*** Opening Data shown ***

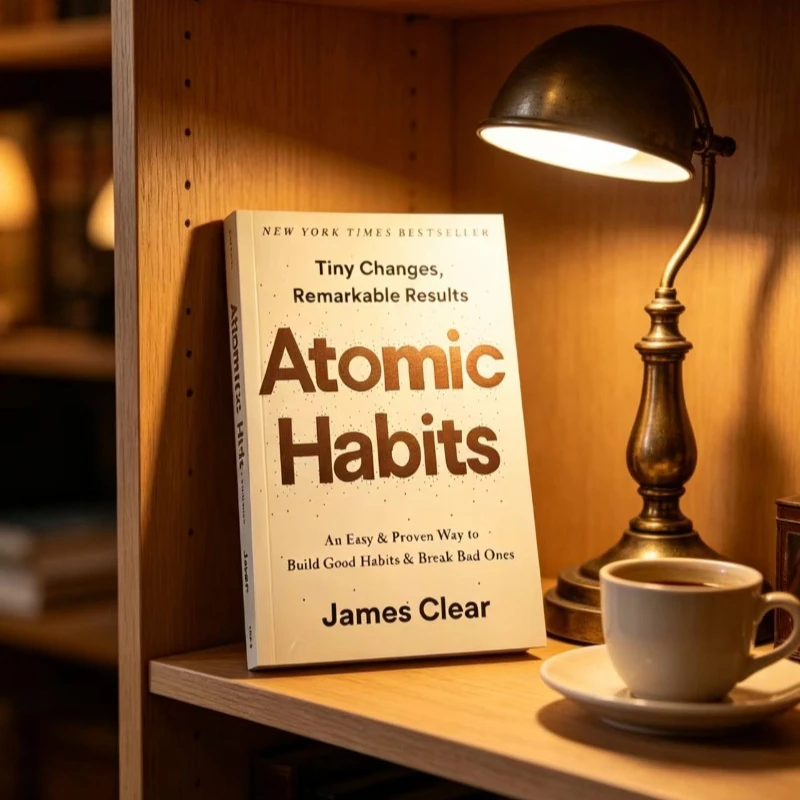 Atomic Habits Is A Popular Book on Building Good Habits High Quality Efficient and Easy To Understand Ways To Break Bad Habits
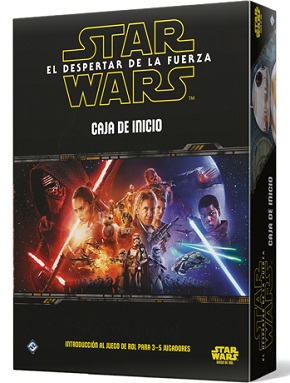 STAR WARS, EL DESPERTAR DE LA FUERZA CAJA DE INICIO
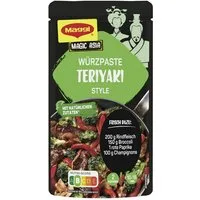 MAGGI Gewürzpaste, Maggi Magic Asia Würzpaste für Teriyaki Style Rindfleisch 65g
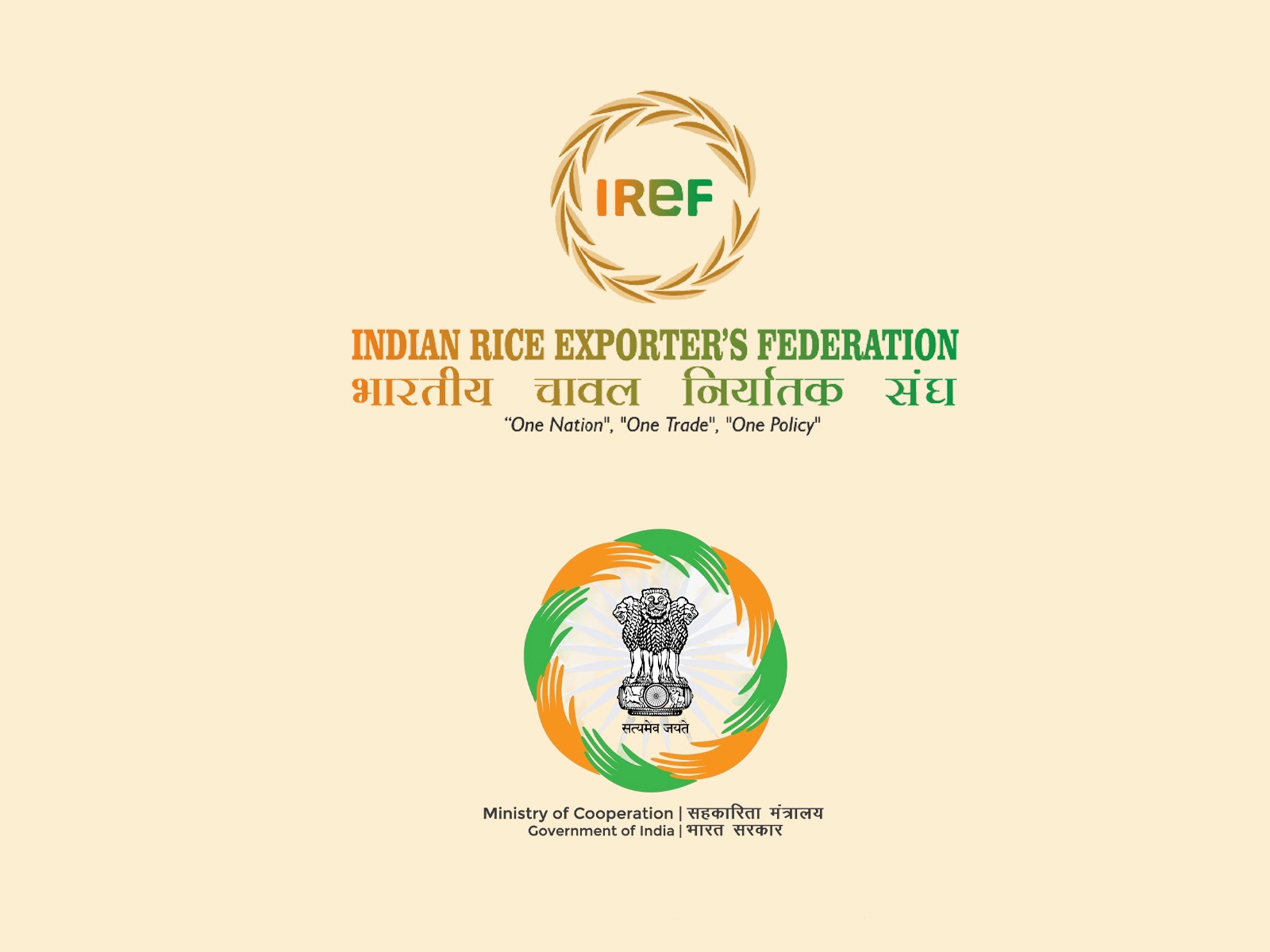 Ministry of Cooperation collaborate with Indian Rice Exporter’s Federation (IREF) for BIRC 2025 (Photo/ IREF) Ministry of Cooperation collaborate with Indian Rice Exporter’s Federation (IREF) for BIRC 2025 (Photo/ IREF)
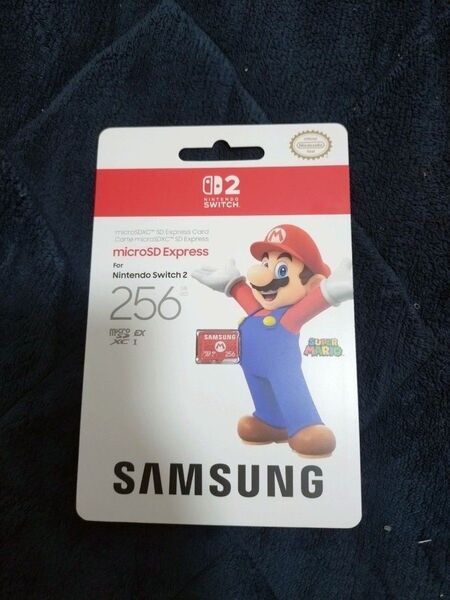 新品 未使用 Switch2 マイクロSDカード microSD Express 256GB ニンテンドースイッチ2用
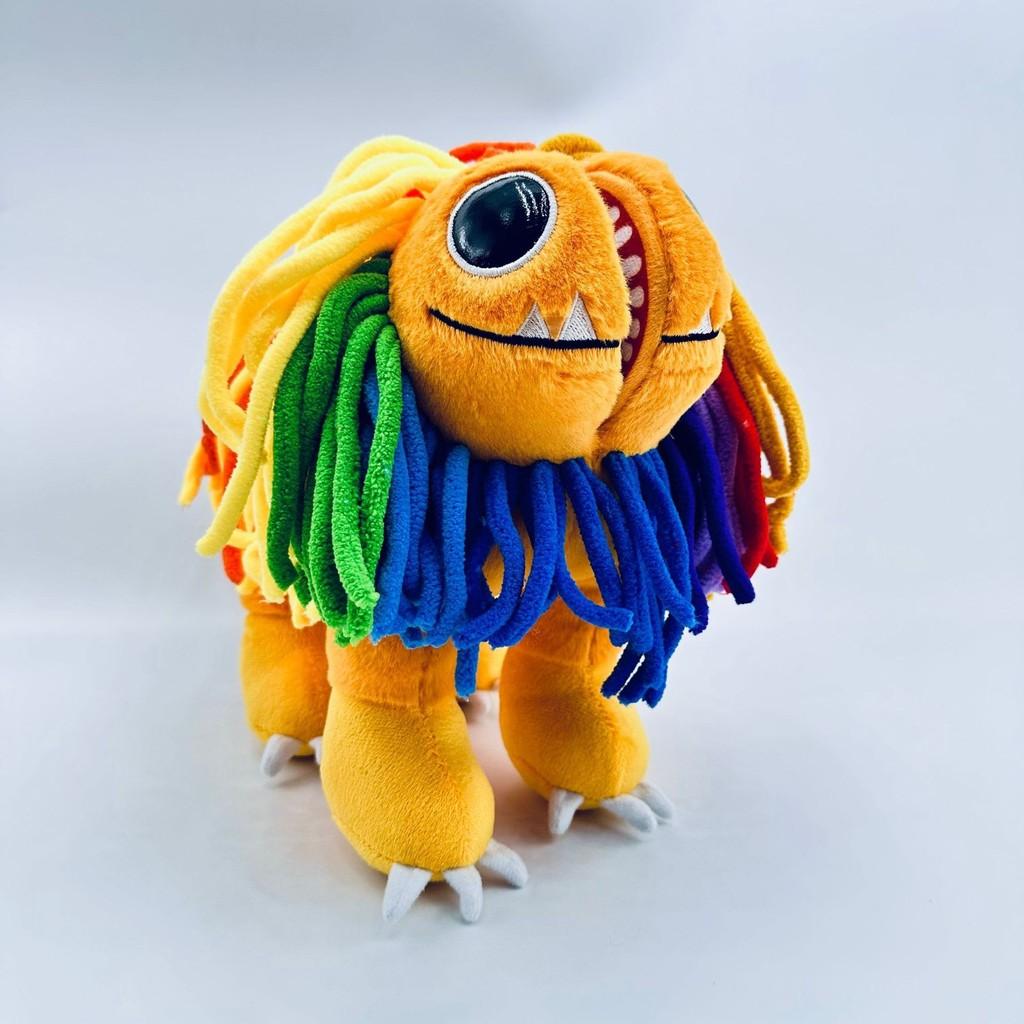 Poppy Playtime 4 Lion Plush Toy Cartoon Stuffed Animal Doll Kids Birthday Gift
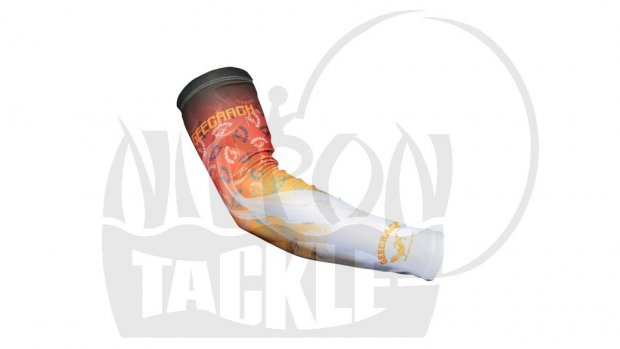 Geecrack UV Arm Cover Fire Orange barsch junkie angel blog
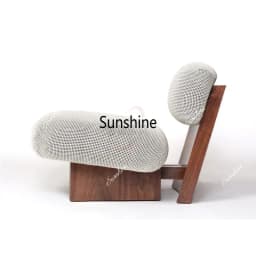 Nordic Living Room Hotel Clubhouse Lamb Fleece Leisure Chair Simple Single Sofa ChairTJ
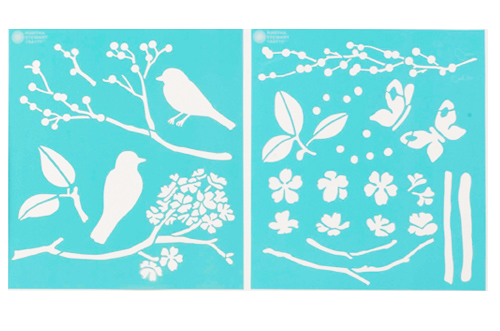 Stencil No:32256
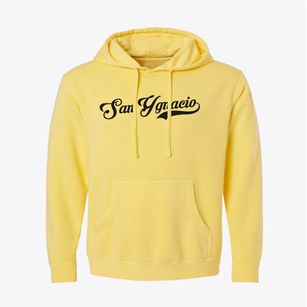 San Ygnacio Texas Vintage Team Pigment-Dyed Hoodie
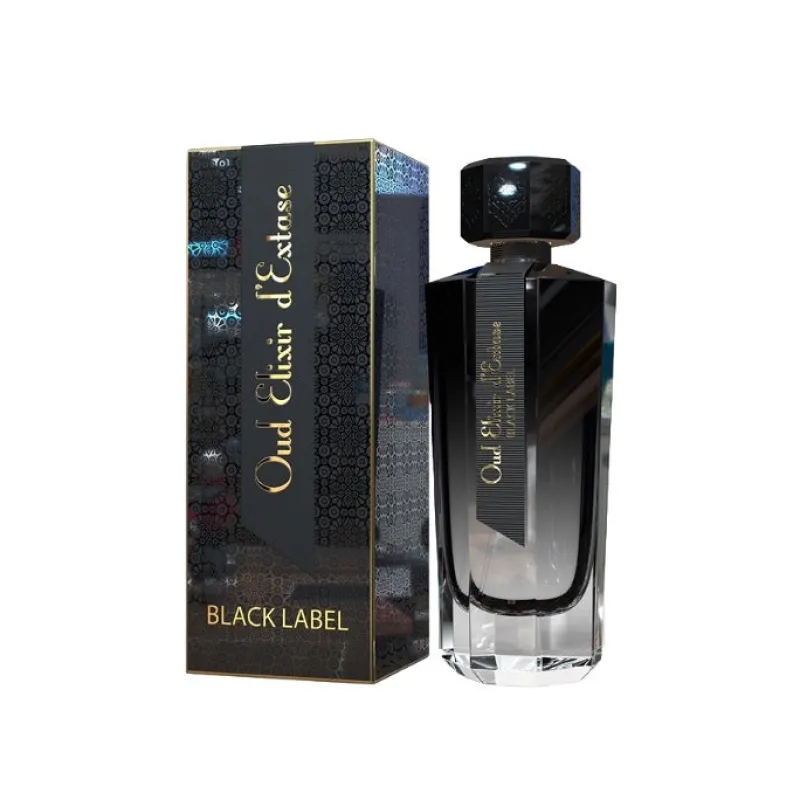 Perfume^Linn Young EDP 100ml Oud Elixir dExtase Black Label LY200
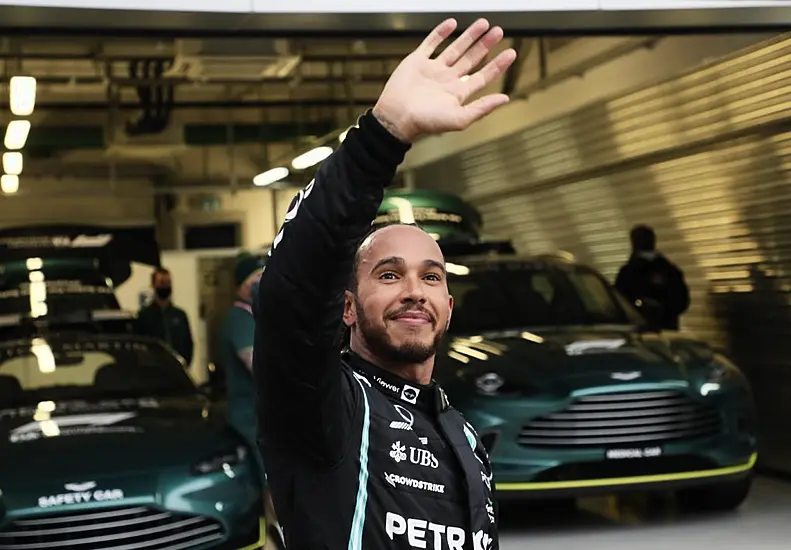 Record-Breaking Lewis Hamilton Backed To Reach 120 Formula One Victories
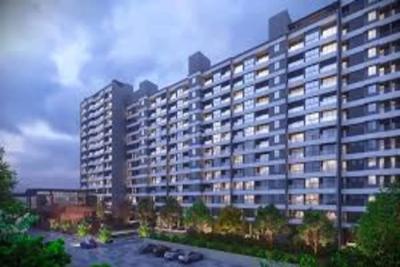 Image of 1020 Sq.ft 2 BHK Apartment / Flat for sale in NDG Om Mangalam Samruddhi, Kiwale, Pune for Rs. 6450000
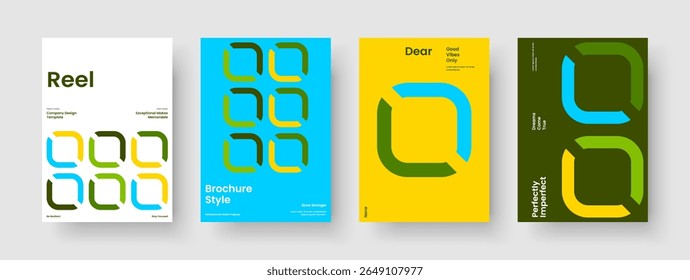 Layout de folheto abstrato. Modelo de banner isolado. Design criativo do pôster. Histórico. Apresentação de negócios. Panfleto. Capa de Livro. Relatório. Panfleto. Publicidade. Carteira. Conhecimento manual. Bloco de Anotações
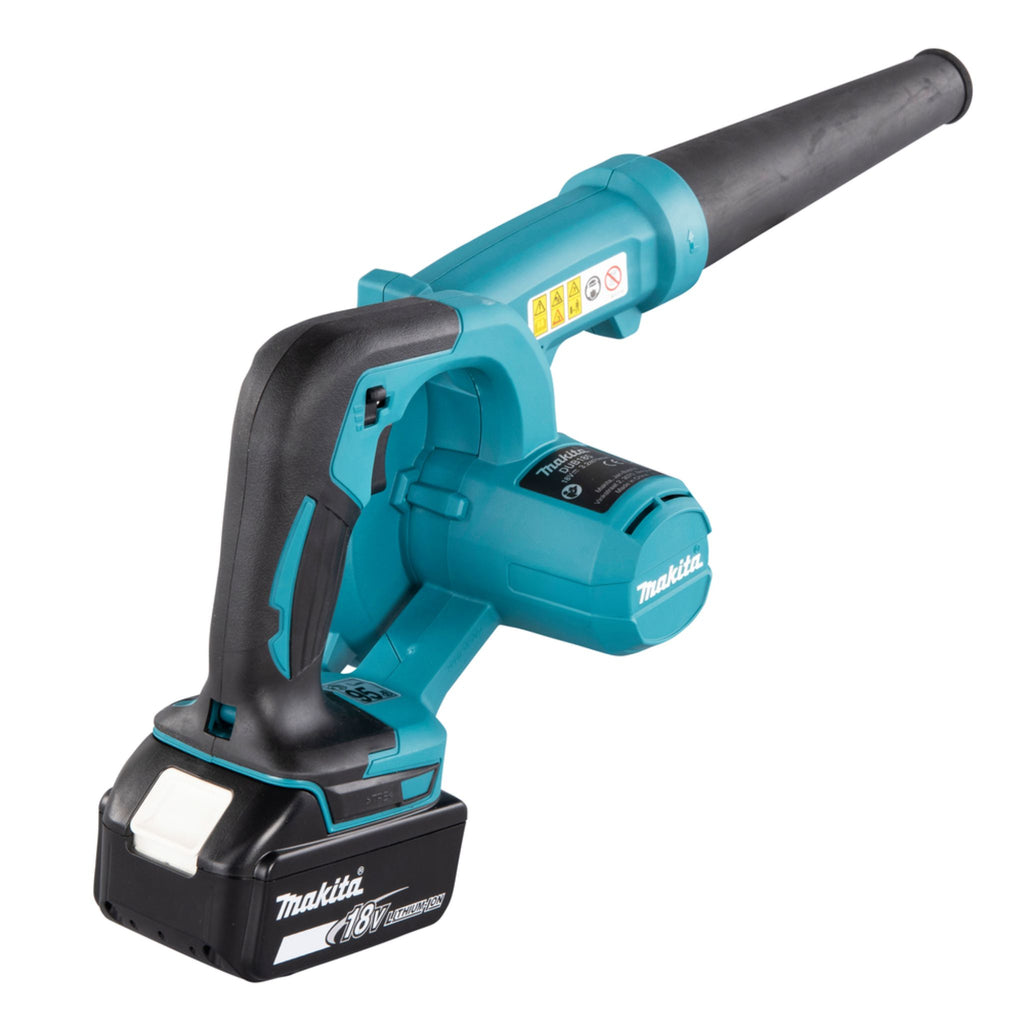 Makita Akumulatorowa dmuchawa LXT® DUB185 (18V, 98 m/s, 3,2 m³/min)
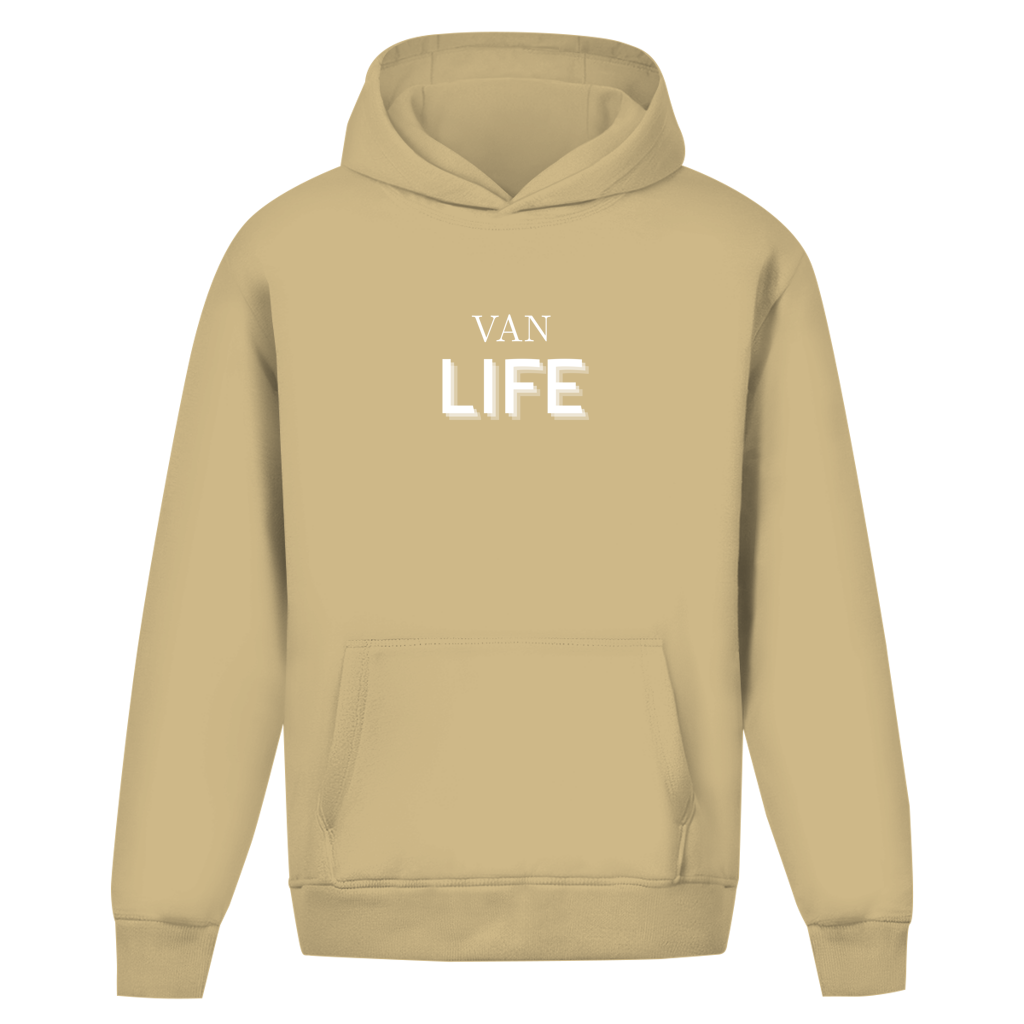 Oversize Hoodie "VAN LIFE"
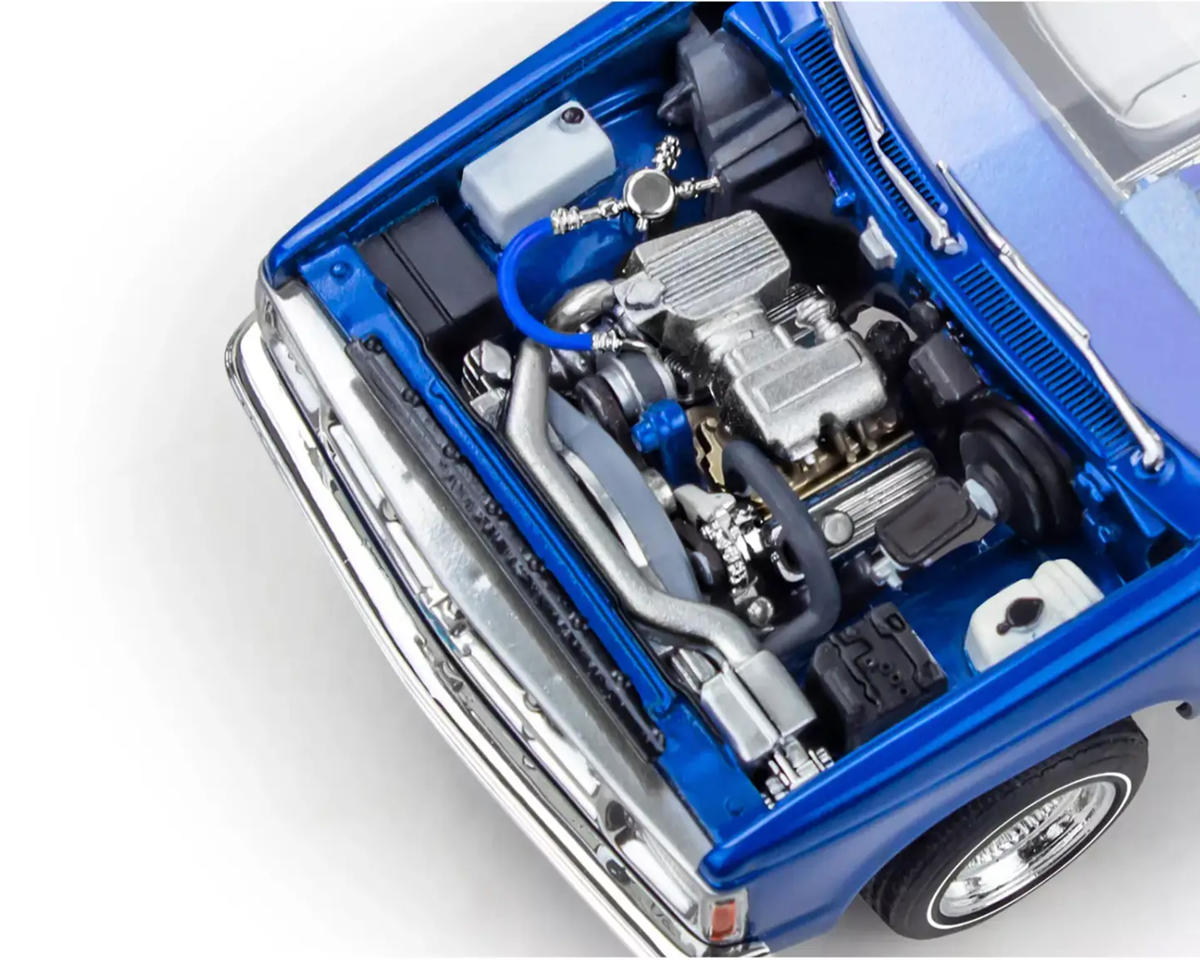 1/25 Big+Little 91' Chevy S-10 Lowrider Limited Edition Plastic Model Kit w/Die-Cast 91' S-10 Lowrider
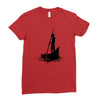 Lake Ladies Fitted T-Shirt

*** Closing Data shown ***

◆ **Work instruction**:
Write out all of the records above. Keep them exact and leave out the pictures.

◆ **Solution to this problem**:
 Atomic Habits Is A Popular Book on Building Good Habits High Quality Efficient and Easy To Understand Ways To Break Bad Habits
 STAR WARS, EL DESPERTAR DE LA FUERZA CAJA DE INICIO
 MAGGI Gewürzpaste, Maggi Magic Asia Würzpaste für Teriyaki Style Rindfleisch 65g
 Ministry of Cooperation collaborate with Indian Rice Exporter’s Federation (IREF) for BIRC 2025 (Photo/ IREF) Ministry of Cooperation collaborate with Indian Rice Exporter’s Federation (IREF) for BIRC 2025 (Photo/ IREF)
 新品 未使用 Switch2 マイクロSDカード microSD Express 256GB ニンテンドースイッチ2用
 Poppy Playtime 4 Lion Plush Toy Cartoon Stuffed Animal Doll Kids Birthday Gift
 Geecrack UV Arm Cover Fire Orange barsch junkie angel blog
 Nordic Living Room Hotel Clubhouse Lamb Fleece Leisure Chair Simple Single Sofa ChairTJ
 Stencil No:32256
 San Ygnacio Texas Vintage Team Pigment-Dyed Hoodie
 Perfume^Linn Young EDP 100ml Oud Elixir dExtase Black Label LY200
 Record-Breaking Lewis Hamilton Backed To Reach 120 Formula One Victories
 Image of 1020 Sq.ft 2 BHK Apartment / Flat for sale in NDG Om Mangalam Samruddhi, Kiwale, Pune for Rs. 6450000
 Layout de folheto abstrato. Modelo de banner isolado. Design criativo do pôster. Histórico. Apresentação de negócios. Panfleto. Capa de Livro. Relatório. Panfleto. Publicidade. Carteira. Conhecimento manual. Bloco de Anotações
 Makita Akumulatorowa dmuchawa LXT® DUB185 (18V, 98 m/s, 3,2 m³/min)
 Oversize Hoodie "VAN LIFE"
 1/25 Big+Little 91' Chevy S-10 Lowrider Limited Edition Plastic Model Kit w/Die-Cast 91' S-10 Lowrider
 Lake Ladies Fitted T-Shirt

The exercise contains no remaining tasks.